Return only what lies between the first line of the entries and the line containing "Nový Ford B-Max", both lines included.

◆ **EXERCISE INPUTS**
####

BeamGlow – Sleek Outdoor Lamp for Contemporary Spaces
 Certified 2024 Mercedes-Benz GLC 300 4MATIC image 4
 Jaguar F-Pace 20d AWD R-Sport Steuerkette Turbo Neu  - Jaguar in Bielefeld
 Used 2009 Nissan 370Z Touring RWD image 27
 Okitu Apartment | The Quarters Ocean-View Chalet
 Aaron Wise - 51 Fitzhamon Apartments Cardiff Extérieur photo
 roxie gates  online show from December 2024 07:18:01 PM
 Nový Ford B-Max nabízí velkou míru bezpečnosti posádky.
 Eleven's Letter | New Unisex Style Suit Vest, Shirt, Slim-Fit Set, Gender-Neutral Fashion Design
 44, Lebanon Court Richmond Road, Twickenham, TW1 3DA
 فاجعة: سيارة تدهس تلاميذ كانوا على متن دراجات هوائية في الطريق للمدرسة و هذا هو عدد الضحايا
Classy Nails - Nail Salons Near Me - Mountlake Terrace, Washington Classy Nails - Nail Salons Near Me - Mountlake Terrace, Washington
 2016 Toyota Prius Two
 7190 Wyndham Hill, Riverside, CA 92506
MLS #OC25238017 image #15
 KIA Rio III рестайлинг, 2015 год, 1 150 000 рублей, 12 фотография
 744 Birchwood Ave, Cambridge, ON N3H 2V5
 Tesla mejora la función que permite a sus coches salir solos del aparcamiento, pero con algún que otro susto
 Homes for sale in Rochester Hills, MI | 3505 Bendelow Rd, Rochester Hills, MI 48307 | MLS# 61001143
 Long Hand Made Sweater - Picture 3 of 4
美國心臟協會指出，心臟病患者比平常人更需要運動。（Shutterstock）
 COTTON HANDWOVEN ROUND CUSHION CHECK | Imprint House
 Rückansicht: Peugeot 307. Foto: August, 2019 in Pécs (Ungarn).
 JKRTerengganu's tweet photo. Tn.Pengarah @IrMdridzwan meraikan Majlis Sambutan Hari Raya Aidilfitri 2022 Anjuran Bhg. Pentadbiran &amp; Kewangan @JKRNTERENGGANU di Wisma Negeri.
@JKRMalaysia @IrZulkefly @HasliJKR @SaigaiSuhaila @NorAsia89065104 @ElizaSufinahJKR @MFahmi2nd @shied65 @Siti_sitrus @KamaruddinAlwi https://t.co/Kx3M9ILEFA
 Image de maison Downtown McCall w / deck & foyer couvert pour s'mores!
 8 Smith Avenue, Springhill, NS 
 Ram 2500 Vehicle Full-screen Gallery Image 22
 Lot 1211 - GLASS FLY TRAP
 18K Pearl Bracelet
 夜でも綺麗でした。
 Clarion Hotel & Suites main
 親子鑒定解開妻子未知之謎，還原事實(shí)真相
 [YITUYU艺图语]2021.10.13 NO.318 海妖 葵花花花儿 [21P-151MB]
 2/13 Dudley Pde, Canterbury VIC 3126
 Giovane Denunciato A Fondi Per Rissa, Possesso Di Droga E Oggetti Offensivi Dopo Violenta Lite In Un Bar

####

◆ **TASK SOLUTION**
BeamGlow – Sleek Outdoor Lamp for Contemporary Spaces
 Certified 2024 Mercedes-Benz GLC 300 4MATIC image 4
 Jaguar F-Pace 20d AWD R-Sport Steuerkette Turbo Neu  - Jaguar in Bielefeld
 Used 2009 Nissan 370Z Touring RWD image 27
 Okitu Apartment | The Quarters Ocean-View Chalet
 Aaron Wise - 51 Fitzhamon Apartments Cardiff Extérieur photo
 roxie gates  online show from December 2024 07:18:01 PM
 Nový Ford B-Max nabízí velkou míru bezpečnosti posádky.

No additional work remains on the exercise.